:: Work order ::
Please restate verbatim the lines that open the listing below, ending with the line in which "Invisible Sleep Earbuds,Mini" occurs.

:: Material for this task ::
++++

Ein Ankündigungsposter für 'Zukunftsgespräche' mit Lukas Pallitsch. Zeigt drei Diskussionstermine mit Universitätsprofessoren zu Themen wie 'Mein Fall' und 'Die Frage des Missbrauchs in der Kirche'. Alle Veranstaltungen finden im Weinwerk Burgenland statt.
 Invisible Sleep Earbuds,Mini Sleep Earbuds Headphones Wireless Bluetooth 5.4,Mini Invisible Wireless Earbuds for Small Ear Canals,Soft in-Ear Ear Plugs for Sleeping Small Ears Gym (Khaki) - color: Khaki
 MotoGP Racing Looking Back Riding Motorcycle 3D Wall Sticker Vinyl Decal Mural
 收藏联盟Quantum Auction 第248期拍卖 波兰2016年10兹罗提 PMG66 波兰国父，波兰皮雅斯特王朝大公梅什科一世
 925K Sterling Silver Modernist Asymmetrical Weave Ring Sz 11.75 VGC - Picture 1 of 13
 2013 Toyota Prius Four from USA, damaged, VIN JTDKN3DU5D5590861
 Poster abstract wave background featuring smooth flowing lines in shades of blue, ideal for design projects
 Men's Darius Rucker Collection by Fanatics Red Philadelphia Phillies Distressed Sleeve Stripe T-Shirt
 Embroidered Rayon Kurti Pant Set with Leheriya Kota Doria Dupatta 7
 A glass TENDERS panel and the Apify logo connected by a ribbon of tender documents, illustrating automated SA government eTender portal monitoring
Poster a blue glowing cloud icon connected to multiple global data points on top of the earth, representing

++++

:: Solution to this problem ::
Ein Ankündigungsposter für 'Zukunftsgespräche' mit Lukas Pallitsch. Zeigt drei Diskussionstermine mit Universitätsprofessoren zu Themen wie 'Mein Fall' und 'Die Frage des Missbrauchs in der Kirche'. Alle Veranstaltungen finden im Weinwerk Burgenland statt.
 Invisible Sleep Earbuds,Mini Sleep Earbuds Headphones Wireless Bluetooth 5.4,Mini Invisible Wireless Earbuds for Small Ear Canals,Soft in-Ear Ear Plugs for Sleeping Small Ears Gym (Khaki) - color: Khaki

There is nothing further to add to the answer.